Records:

#####

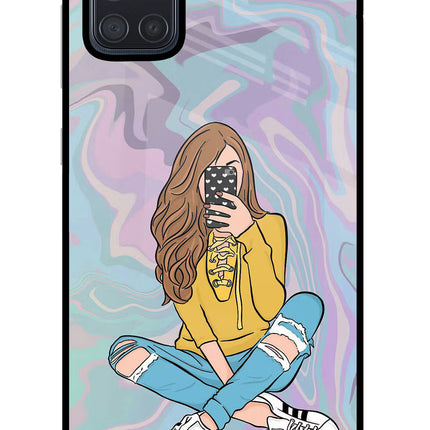 Selfie Girl Samsung A71 Glass Case Back Cover by Casekaro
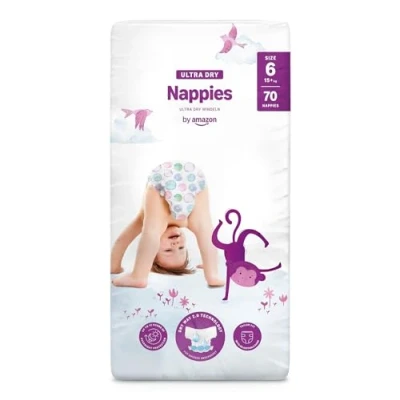 Imagen de Marca Amazon Mama Bear Pañales ultra secos, Talla 6 (15+ kg), Con canales, Bianco, 70 Unidad (Paquete de 1) Nueva versión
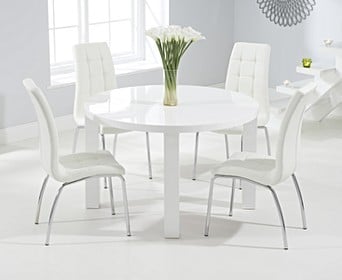 High Gloss Dining Table With Calgary Chairs, Large White High Gloss Round Dining Table 6 Chairs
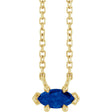 14K Gold Marquise Lab-Grown Blue Sapphire Solitaire Necklace - Yellow Gold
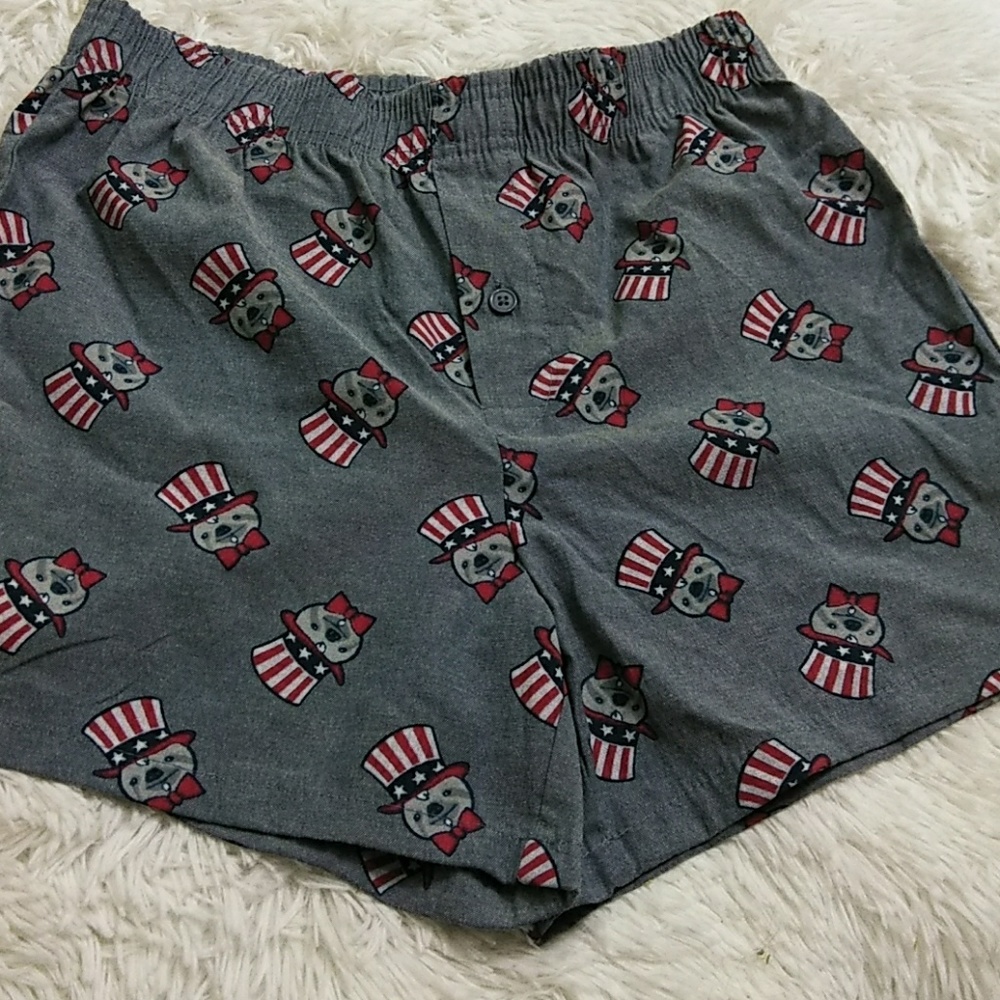 😻 4/$25 Men's Patriotic Boxer Shorts S NWOT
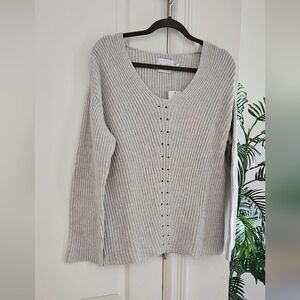 Nwt Allfenix Gray V-Neck Sweater with Textured Knit
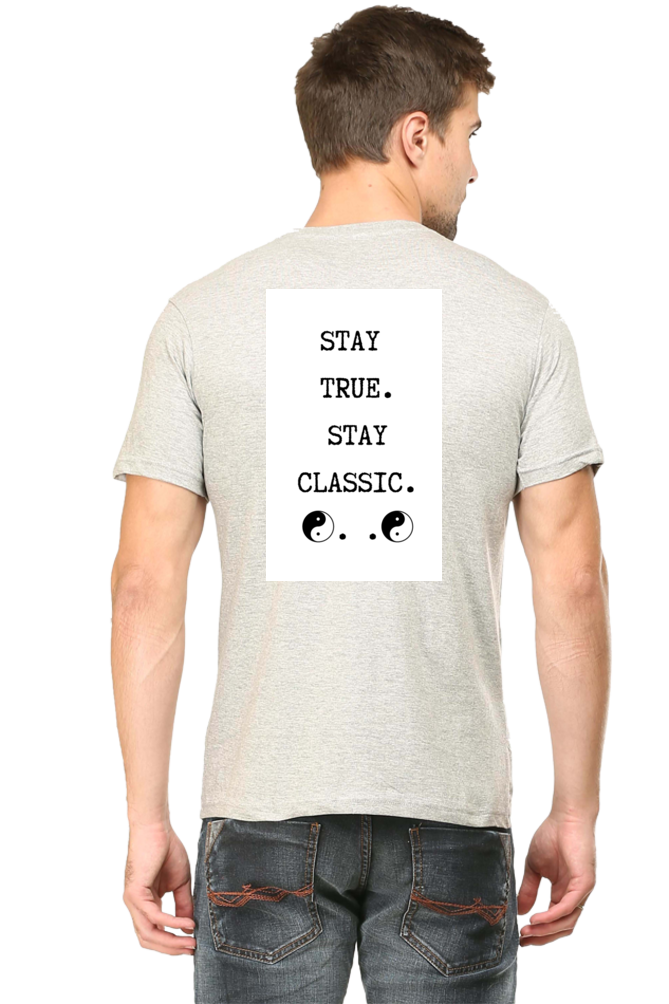 Loyia signature tee featuring a Stay True Stay Classic design on the back for a stylish look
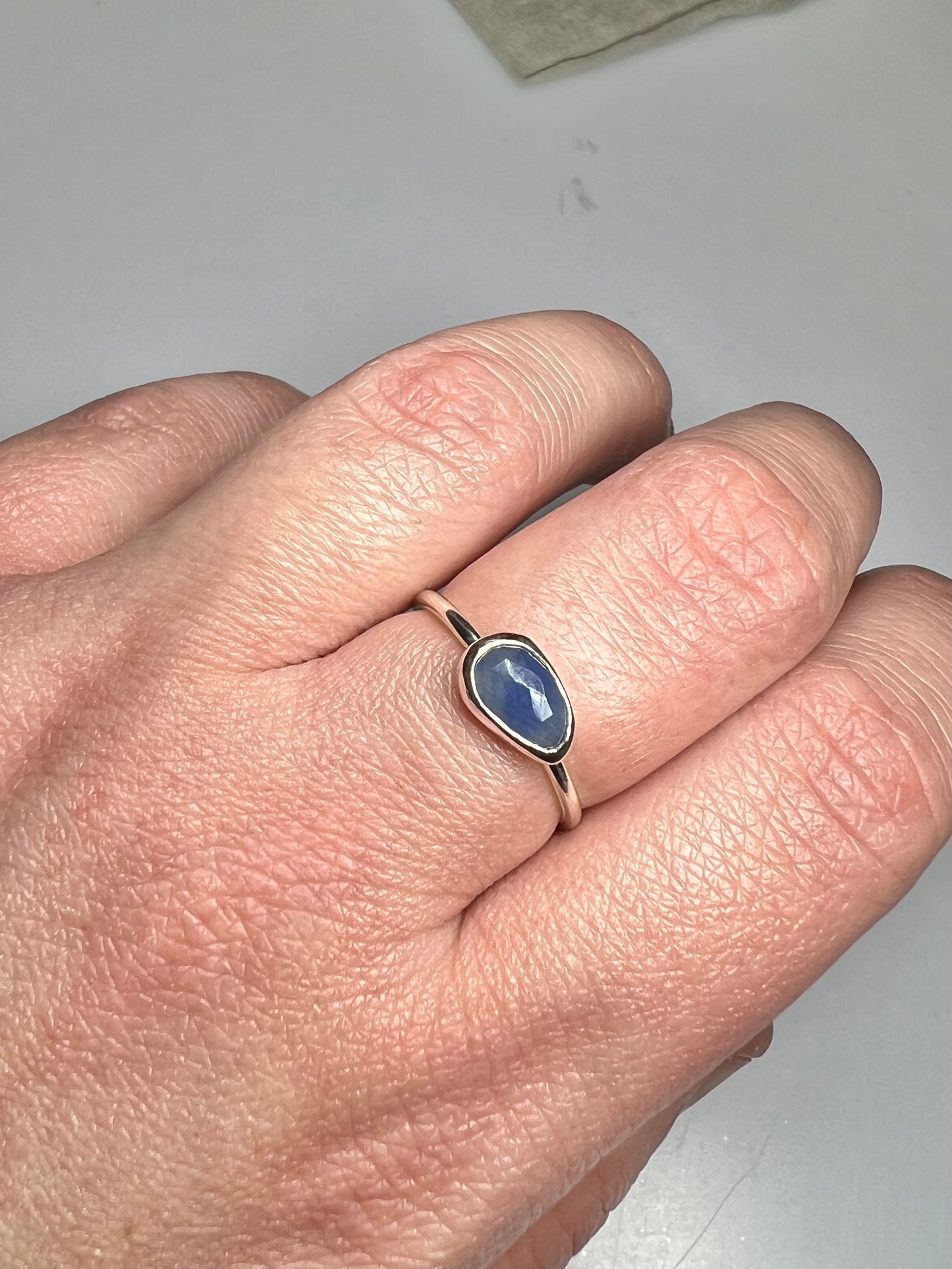 Sapphire ring size P - sterling silver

#####

Task brief: In the records above, find the line that contains "Nwt Allfenix Gray V-Neck", then write it out along with every line after it, exactly, through the last one. Leave the pictures out.

Response to this exercise:
 Nwt Allfenix Gray V-Neck Sweater with Textured Knit
 Loyia signature tee featuring a Stay True Stay Classic design on the back for a stylish look
 Sapphire ring size P - sterling silver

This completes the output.